Dengan adanya tantangan dan fenomena tersendiri dari mantan warga binaan pemasyarakatan yang menjalankan masa reintegrasi, pihak-pihak terkait tersebut diharapkan dapat menjalankan fungsi pembimbingan secara baik sehingga dapat mengatasi dinamika sosial yang dialami dan pada akhirnya dapat meminimalisir serta menghilangkan efek domino dari stereotip sehingga dapat mencegah atau setidaknya menurunkan risiko pengulangan tindak pidana.

Tidak hanya itu, pembimbingan dan dukungan bagi mantan warga binaan pemasyarakatan diharapkan juga dapat mendorong terjadinya peningkatan kualitas diri.
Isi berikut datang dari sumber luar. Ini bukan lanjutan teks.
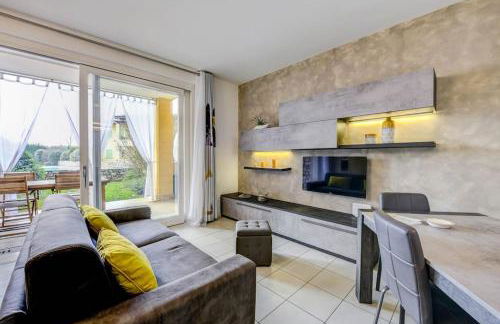 Maison Martina - Foto 14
Khususnya dalam hal ini adalah dapat memulihkan kembali nama baiknya dan menjadi pribadi yang lebih baik dari sebelumnya, produktif, terselenggaranya hajat hidupnya bahkan dapat berkontribusi untuk masyarakat.

Pemberian bekal pembimbingan secara mental psikologis terhadap mantan warga binaan pemasyarakatan dengan kasus penipuan merupakan salah satu langkah yang dapat dilakukan. Dengan pendekatan psikologis, dapat diberikan penguatan dan motivasi dalam mengatasi kesulitan saat proses adaptasi di lingkungan masyarakat. Selain itu, penguatan dalam perspektif spiritual juga dapat menjadi langkah selanjutnya yang dapat dilakukan.

Dengan logika berpikir ketika seseorang memiliki bekal spiritual yang baik dan taat beragama, diharapkan dapat bermanfaat dalam menjawab problema hidup, sekaligus dapat menurunkan kemungkinan untuk melakukan pengulangan tindak pidana. Langkah lain yang dapat dilakukan yaitu melalui pembekalan keterampilan. Diharapkan pihak-pihak terkait dapat memfasilitasi terhadap penambahan keterampilan, sehingga dengan bekal keterampilan dapat menciptakan peluang lapangan pekerjaan untuk dirinya sendiri. Langkah terakhir dan sangat penting adalah dukungan keluarga yang merupakan orang terdekat. Dengan adanya motivasi dan penerimaan dari keluarga terhadap segala dinamika yang dialami, maka akan memberikan penguatan secara mental dan psikologis terhadap mereka.